How had the young man done it, she wondered? He had arrived, made the picture in a moment, and gone again like so much dust. She stared into the distant places of her memory, wondering if the answer lay with the lost locket.

"Is Madame well?" Patrick finally asked.

After October of 1929, the trains no longer brought young men for Eloise, and the servants had to be dismissed. Harder, older men from around the county made the climb up the mountain to Striker Manor. Some brought wagons or trucks loaded with salt and flour, firewood and wine, returning loaded with Dutch paintings, German furniture, British chinaware and Persian carpets. Others brought only cash, to buy a few hours of her time. Eloise past sixty looked half her age, and was more woman than any of them had ever had the fortune to encounter.

Eventually, as times grew leaner and she grew older, even these gentleman callers trailed off to nothing more than the occasional grocery delivery, C.O.D. Only her books she kept -- Rimbaud and Lovecraft, Darwin and Wells; patient, quiet lovers for her twilight years.
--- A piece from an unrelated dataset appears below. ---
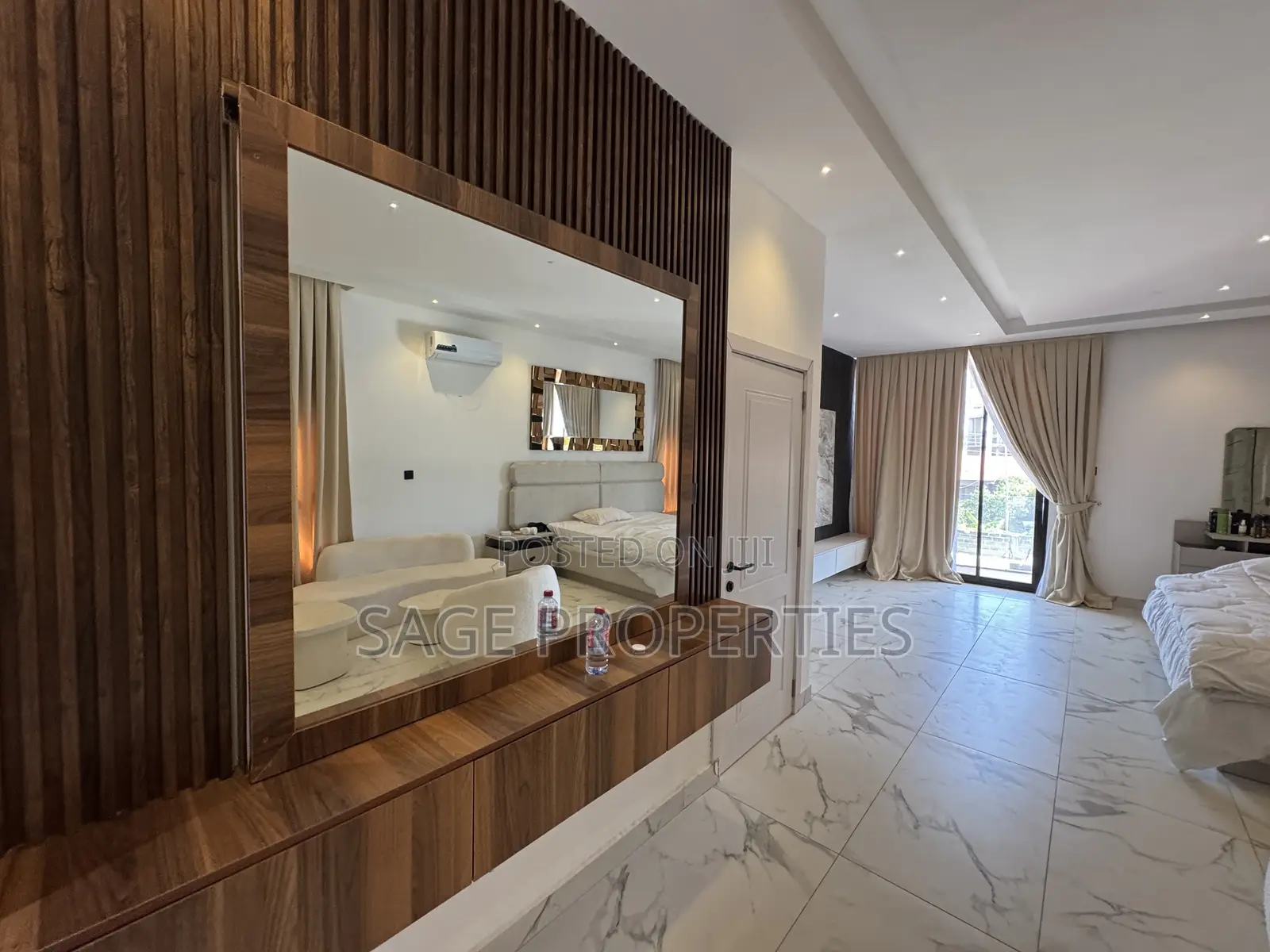 Furnished 4bdrm Duplex in Little Roses Area for rent in Little Roses Area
Eloise sat among her books in what had been the servant's kitchen and rubbed horse liniment into her knees and ankles. Tearing the wainscoting out of the Gun Room had given her a new round of aches, but she had no other firewood on hand. For want of funds, the oil furnaces had been shut down for years, as had the electric lights.

She still wore her quilted silk dressing gown, patched as it was with calico and gingham scrap. The derringer never left her pocket, although she only used it to scare off the youths who clambered in the shattered library windows to whoop through the halls of a moonlit night. She wished she'd learned to shoot a rifle. Then at least she could have rabbit stew from time to time.
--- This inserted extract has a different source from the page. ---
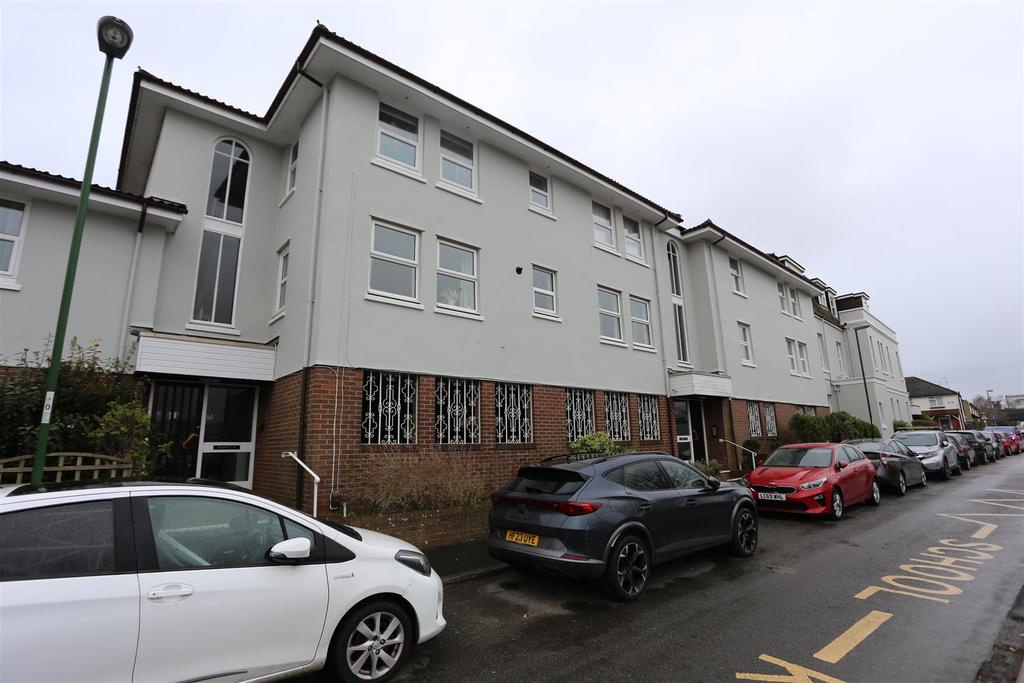 2 Victoria Court (2).JPG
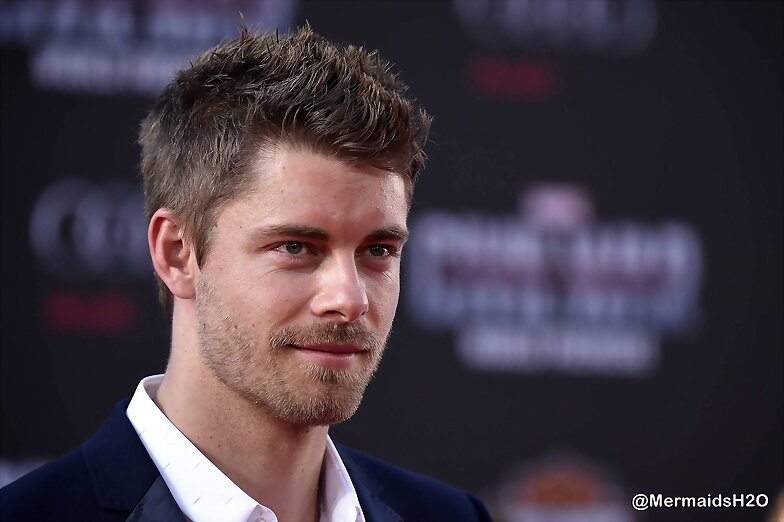 Luke Mitchell - Premiere Captain America | 2016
"Eloise," he whispered from the doorway of the lower stairs, a voice so familiar that for one heart-stopping moment, she thought it was the Colonel speaking.

Then Eloise came to her senses and cocked the derringer. "I always knew you'd be back. Bad things happen in threes."

"So do the good." Pale hair, violet eyes, gleaming teeth, he walked slowly toward her, young as ever, a mockery of her hard-lived years. He wore dark wool slacks and a finely woven shirt of a cut she'd never seen, pale as a spider web to match his hair. He carried an enormous red silk box, the size of a card table. "I have something for you, an image of times to come."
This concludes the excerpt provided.